TASK DESCRIPTION:
From the data below, please reproduce exactly everything from the line that contains "Placing cooked lobster into a mixing bowl." down to the line that contains "Une grand-mère souriante", with both ends included.
━━ DATA PROVIDED ━━
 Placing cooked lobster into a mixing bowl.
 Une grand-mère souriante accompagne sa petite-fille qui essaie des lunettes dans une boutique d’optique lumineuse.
━━━
━━ DATA PROVIDED ━━
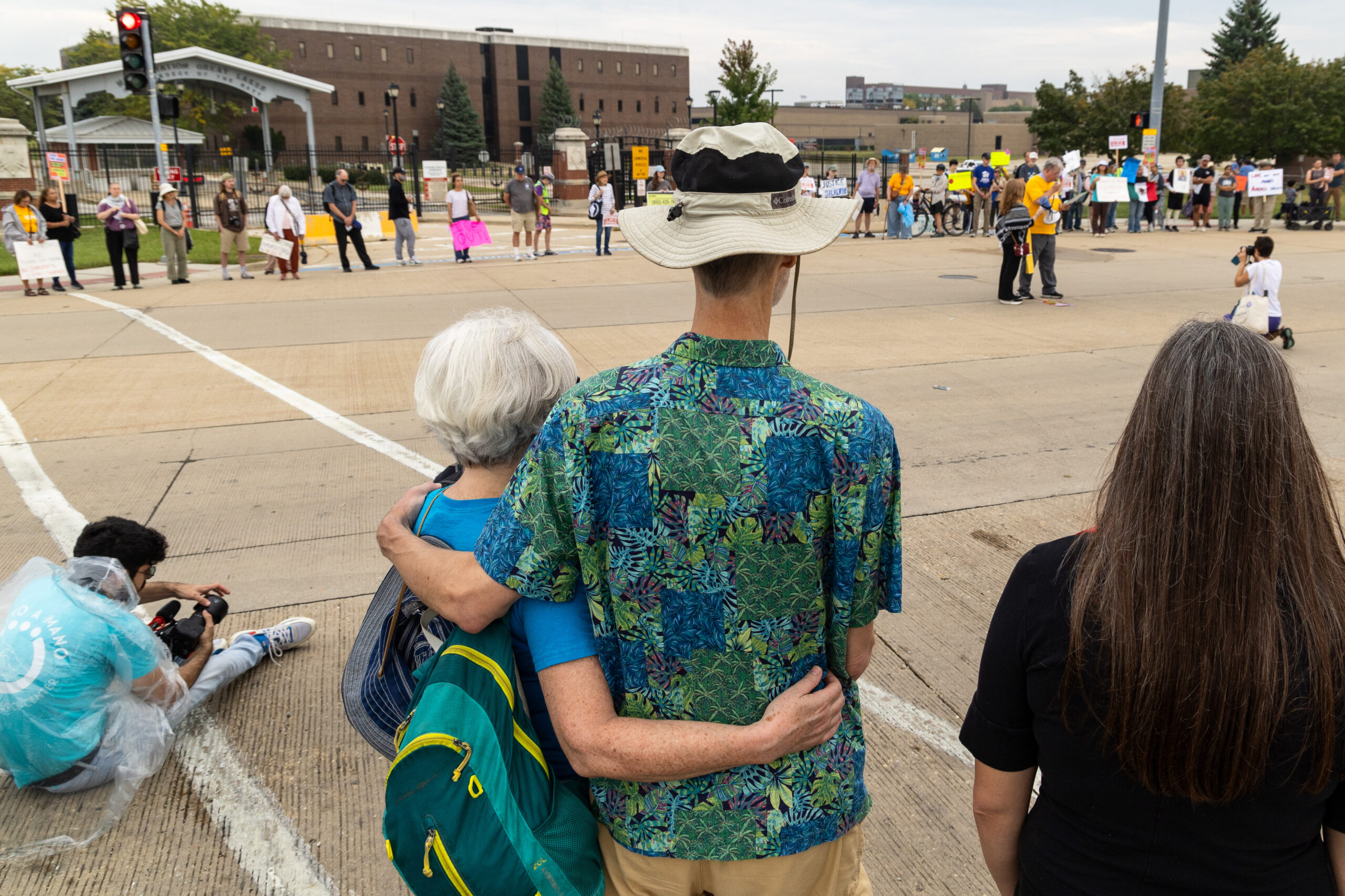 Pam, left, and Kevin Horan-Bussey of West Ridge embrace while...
━━━
RESPONSE:
 Placing cooked lobster into a mixing bowl.
 Une grand-mère souriante accompagne sa petite-fille qui essaie des lunettes dans une boutique d’optique lumineuse.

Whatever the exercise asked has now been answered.